Dataset START

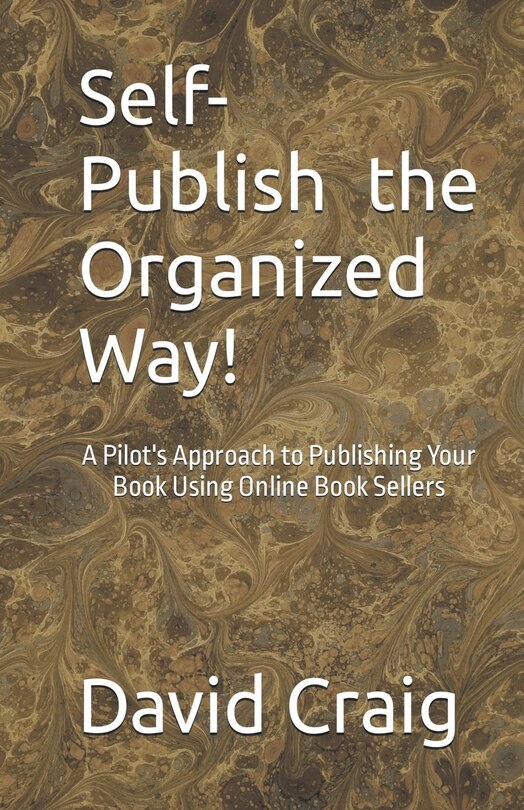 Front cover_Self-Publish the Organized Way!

Dataset END
Dataset START

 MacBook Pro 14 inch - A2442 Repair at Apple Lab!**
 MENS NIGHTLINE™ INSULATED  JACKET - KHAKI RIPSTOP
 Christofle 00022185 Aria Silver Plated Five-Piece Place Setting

Dataset END

In the listing above, find the line containing "MENS NIGHTLINE™ INSULATED" and the line containing "Christofle 00022185 Aria", then retype both and every line between them exactly, with nothing else.

 MENS NIGHTLINE™ INSULATED  JACKET - KHAKI RIPSTOP
 Christofle 00022185 Aria Silver Plated Five-Piece Place Setting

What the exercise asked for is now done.